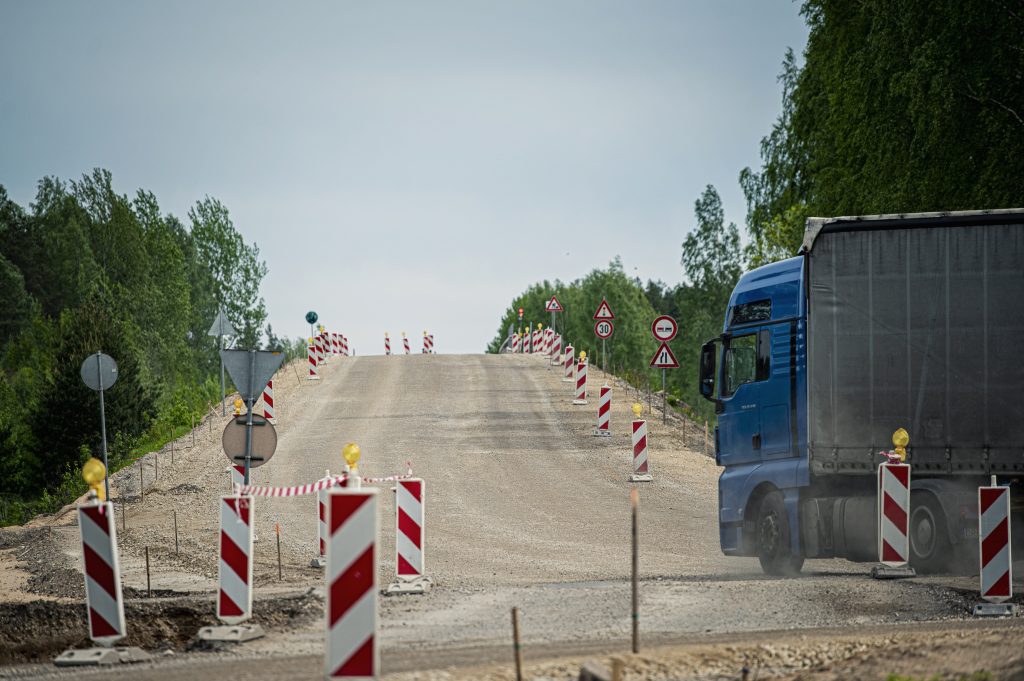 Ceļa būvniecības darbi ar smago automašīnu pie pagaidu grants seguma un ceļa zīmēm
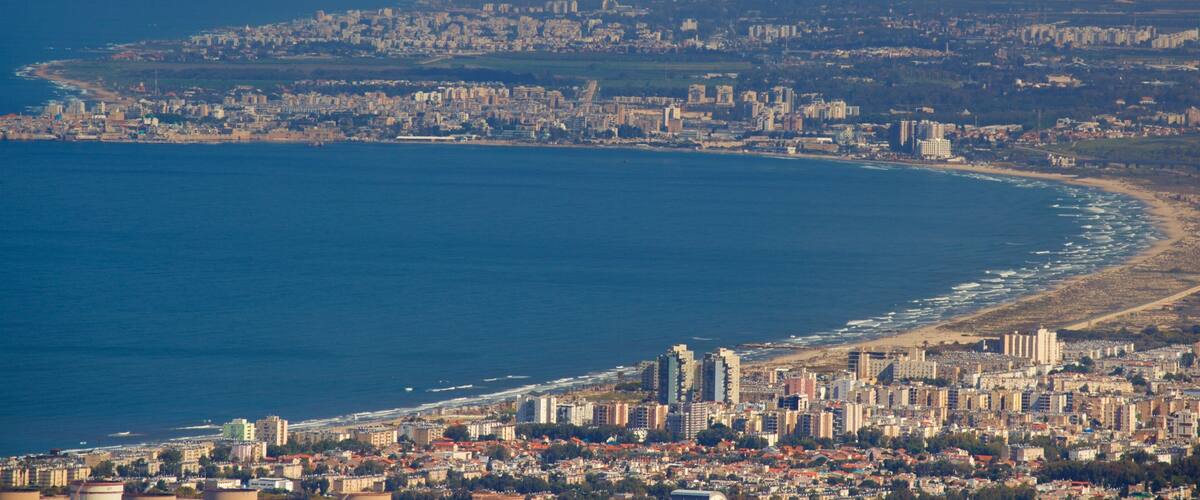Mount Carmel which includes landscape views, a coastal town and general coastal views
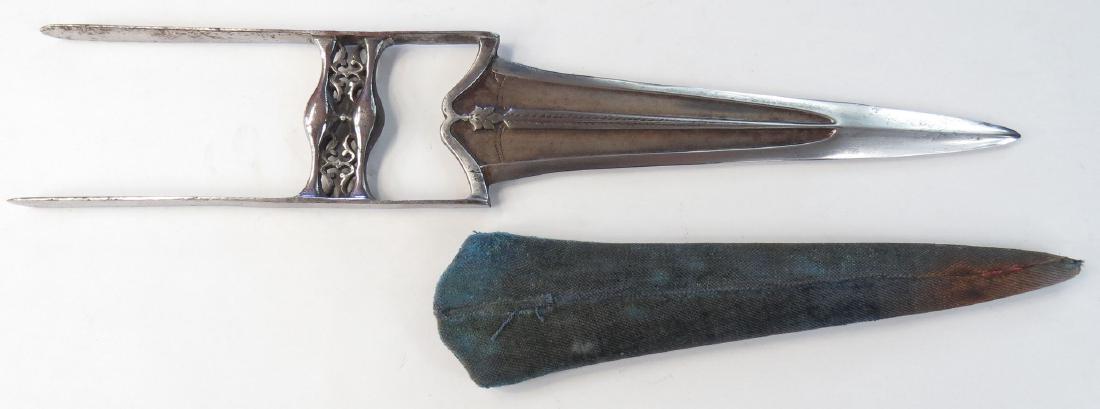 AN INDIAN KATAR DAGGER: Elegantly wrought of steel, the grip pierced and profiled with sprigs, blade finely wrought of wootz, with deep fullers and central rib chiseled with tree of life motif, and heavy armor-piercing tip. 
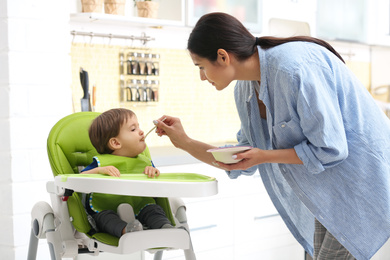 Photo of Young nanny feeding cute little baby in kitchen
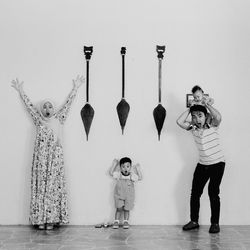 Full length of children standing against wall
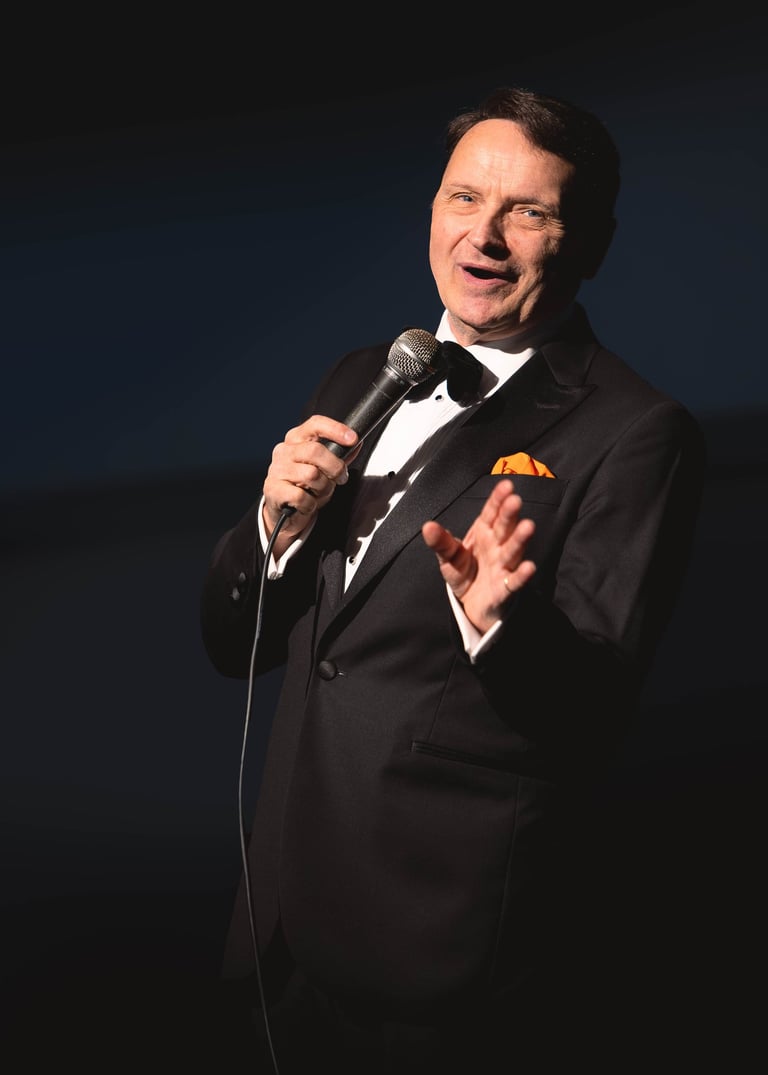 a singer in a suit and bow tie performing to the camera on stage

---

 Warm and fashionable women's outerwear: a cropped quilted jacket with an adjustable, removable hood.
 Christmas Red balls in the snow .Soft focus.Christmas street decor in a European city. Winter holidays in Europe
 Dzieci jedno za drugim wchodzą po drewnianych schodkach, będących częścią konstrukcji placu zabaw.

- _Work order_: Using the records above, repeat exactly the run of lines that starts with the line with "AN INDIAN KATAR" and goes on through the line with "Photo of Young"; omit each picture.

- _Solution to the exercise_:
 AN INDIAN KATAR DAGGER: Elegantly wrought of steel, the grip pierced and profiled with sprigs, blade finely wrought of wootz, with deep fullers and central rib chiseled with tree of life motif, and heavy armor-piercing tip. 
 Photo of Young nanny feeding cute little baby in kitchen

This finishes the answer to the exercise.